The company markets its in-house PVD capability as Thermital.
By offering attractive stainless-steel, chrome and brass finishes, and repeatable textures that look and feel like metal, Thermital has obvious appeal for appliance makers, said Steven Balogh, vice president. Stainless-steel ranges and refrigerators first became popular for high-end kitchens. Appliance designers took notice. For Mar-Bal, it was a market opportunity.
We saw the appliance manufacturers trying to get more of your consumer products to look like stainless. They had to find ways to do that, because it's just too expensive. So that's where we saw an opening for this, Steven Balogh said. There's tremendous value there. He said Thermital, coupled with thermoset molded parts, also offers unlimited finishing options and greater design freedom than traditional die-cast metal parts.
A metallic look of steel, chrome and brass are moving beyond the kitchen, to washers and dryers and other household appliances. And the home appliance sector is a big one for Mar-Bal, which molds parts for appliances with the nameplates of Whirlpool, Amana, Maytag, Electrolux and others.

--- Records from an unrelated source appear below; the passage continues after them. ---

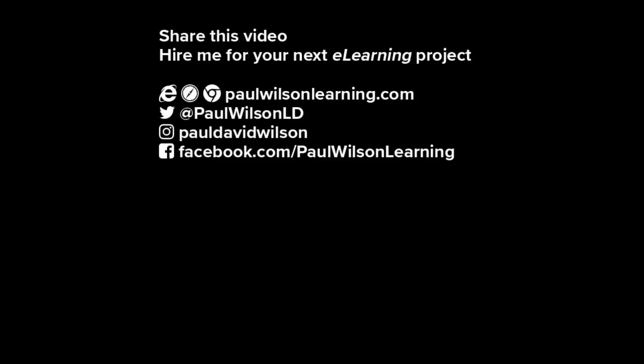If you thought this video was useful please share it with your colleagues. If you need help building your next e-learning project consider hiring me. My focus is to create effective learning that helps you achieve your business goals. Visit my website at paulwilsonlearning.com. Follow me on Twitter at paulwilsonld and don't forget to subscribe to my YouTube channel.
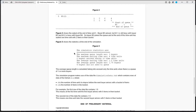Figure 3 shows the output at the completion, at the end of the simulation. The average queue length is calculated taking into account only the time units when there is a queue of one or more buyers.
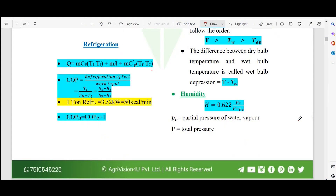Refrigeration refers to lowering the temperature of a food commodity in order to increase its shelf life. The formula used in calculations is Q, the heating load or refrigeration capacity, which equals the sensible heating plus the latent heat of freezing, plus the sensible heating below the freezing temperature.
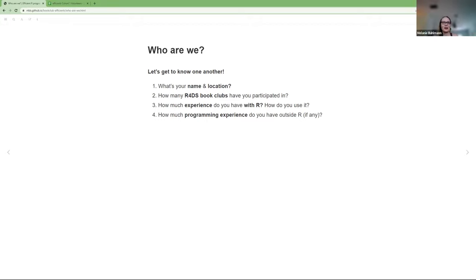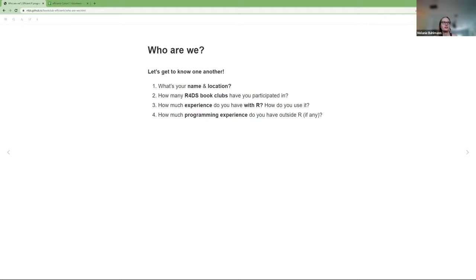I'm Melanie, from Germany but currently living in Florida. About two years ago I finished my master's and have been working in a biostatistics department, working with a lot of clinical data and using R pretty much every day. I heard about the R4DS community at the Shiny conference, got really curious, and this is my first book club. Next to R, I also know SAS — which I had to learn for work — and just a tiny bit of Python.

Now, Mar-Bal officials say, Thermital will help grab new thermoset molding business outside of appliances. Casey said that covers a wide range of markets such as lighting, under-hood automotive and even ice machines.

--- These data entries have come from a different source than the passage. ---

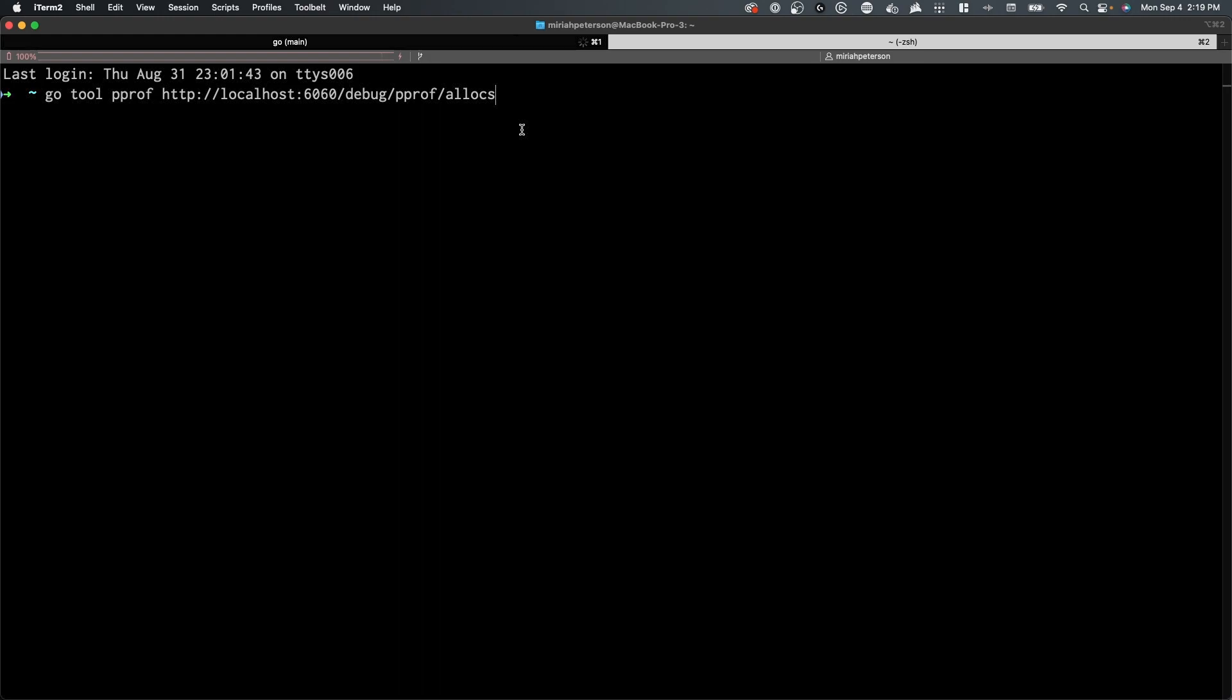To access the interactive CLI tool, you can use the Go tool pProf command with a URL of the endpoint in your application. For instance, if your application is running locally, you can use the following command: Go tool pProf http colon slash slash localhost colon 6060 slash debug slash pprof slash allocs.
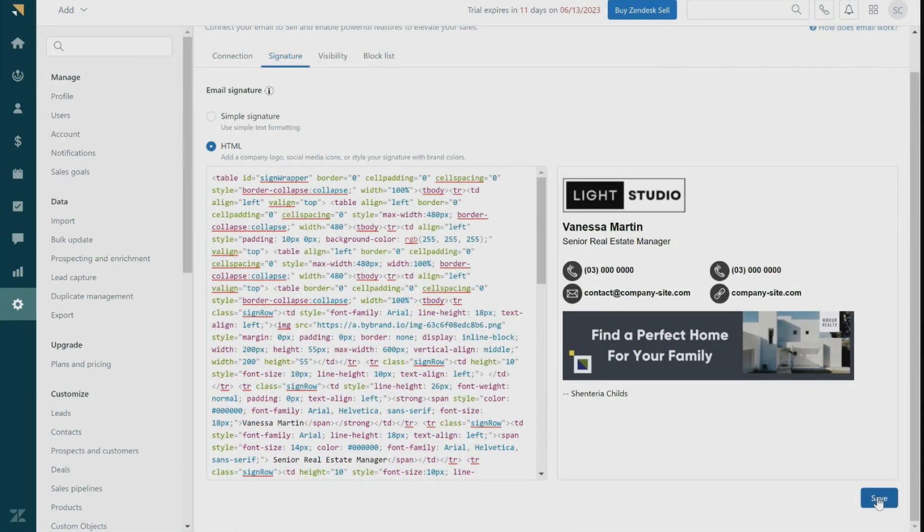Now when you send out emails, you will have a new and professional email signature that stands out.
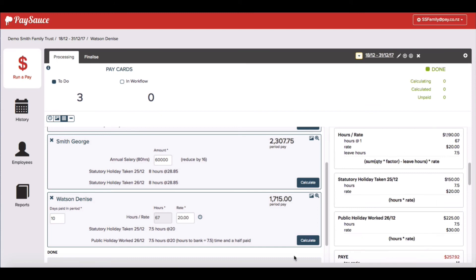All of this information can be viewed as well from the reports in the finalized screen before you close the pay.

Another big existing market for Mar-Bal is insulators for electrical distribution, such as switch gears, controls, motors and circuit breakers.
Casey and Poff are working to tell the Mar-Bal story to customers, and help Mar-Bal increase sales of its bulk molding compound to other thermoset molders.
Scott Balogh said the company started making its own BMC in the early 1980s. We've had compound customers for 10 or 15 years. But we haven't had the opportunity to develop it, he said.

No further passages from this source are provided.